++++ Excerpted records ++++

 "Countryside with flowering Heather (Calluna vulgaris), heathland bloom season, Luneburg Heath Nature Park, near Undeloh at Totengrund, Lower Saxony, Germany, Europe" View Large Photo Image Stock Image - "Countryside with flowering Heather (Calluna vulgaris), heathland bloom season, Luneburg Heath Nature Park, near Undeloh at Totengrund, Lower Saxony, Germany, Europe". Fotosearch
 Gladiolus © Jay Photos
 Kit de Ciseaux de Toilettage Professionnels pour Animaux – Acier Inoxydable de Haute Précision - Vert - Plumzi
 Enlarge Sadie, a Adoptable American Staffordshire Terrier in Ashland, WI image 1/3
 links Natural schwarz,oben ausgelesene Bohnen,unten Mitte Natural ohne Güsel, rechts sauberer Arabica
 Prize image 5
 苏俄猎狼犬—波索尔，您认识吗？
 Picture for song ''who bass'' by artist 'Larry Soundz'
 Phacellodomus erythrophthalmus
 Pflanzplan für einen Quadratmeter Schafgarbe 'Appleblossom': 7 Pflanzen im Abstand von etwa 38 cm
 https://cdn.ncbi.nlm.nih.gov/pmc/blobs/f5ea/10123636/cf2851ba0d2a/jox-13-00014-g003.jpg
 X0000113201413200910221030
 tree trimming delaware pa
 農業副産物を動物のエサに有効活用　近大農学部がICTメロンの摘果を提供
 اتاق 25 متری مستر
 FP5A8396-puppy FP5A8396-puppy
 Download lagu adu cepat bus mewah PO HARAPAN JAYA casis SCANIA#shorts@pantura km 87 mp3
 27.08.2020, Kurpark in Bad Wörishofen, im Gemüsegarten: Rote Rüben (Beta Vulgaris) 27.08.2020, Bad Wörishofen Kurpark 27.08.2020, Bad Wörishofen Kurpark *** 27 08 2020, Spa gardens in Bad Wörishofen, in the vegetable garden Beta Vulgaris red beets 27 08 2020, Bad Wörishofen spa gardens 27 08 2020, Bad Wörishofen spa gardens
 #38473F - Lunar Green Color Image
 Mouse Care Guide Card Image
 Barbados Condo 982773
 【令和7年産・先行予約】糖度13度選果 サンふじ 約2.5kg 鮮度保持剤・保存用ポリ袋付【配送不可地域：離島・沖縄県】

++++

Task prompt:
With the line that contains "Enlarge Sadie, a" as your start, reproduce the data above exactly through its last line, and nothing before that start.

Answer to this exercise:
 Enlarge Sadie, a Adoptable American Staffordshire Terrier in Ashland, WI image 1/3
 links Natural schwarz,oben ausgelesene Bohnen,unten Mitte Natural ohne Güsel, rechts sauberer Arabica
 Prize image 5
 苏俄猎狼犬—波索尔，您认识吗？
 Picture for song ''who bass'' by artist 'Larry Soundz'
 Phacellodomus erythrophthalmus
 Pflanzplan für einen Quadratmeter Schafgarbe 'Appleblossom': 7 Pflanzen im Abstand von etwa 38 cm
 https://cdn.ncbi.nlm.nih.gov/pmc/blobs/f5ea/10123636/cf2851ba0d2a/jox-13-00014-g003.jpg
 X0000113201413200910221030
 tree trimming delaware pa
 農業副産物を動物のエサに有効活用　近大農学部がICTメロンの摘果を提供
 اتاق 25 متری مستر
 FP5A8396-puppy FP5A8396-puppy
 Download lagu adu cepat bus mewah PO HARAPAN JAYA casis SCANIA#shorts@pantura km 87 mp3
 27.08.2020, Kurpark in Bad Wörishofen, im Gemüsegarten: Rote Rüben (Beta Vulgaris) 27.08.2020, Bad Wörishofen Kurpark 27.08.2020, Bad Wörishofen Kurpark *** 27 08 2020, Spa gardens in Bad Wörishofen, in the vegetable garden Beta Vulgaris red beets 27 08 2020, Bad Wörishofen spa gardens 27 08 2020, Bad Wörishofen spa gardens
 #38473F - Lunar Green Color Image
 Mouse Care Guide Card Image
 Barbados Condo 982773
 【令和7年産・先行予約】糖度13度選果 サンふじ 約2.5kg 鮮度保持剤・保存用ポリ袋付【配送不可地域：離島・沖縄県】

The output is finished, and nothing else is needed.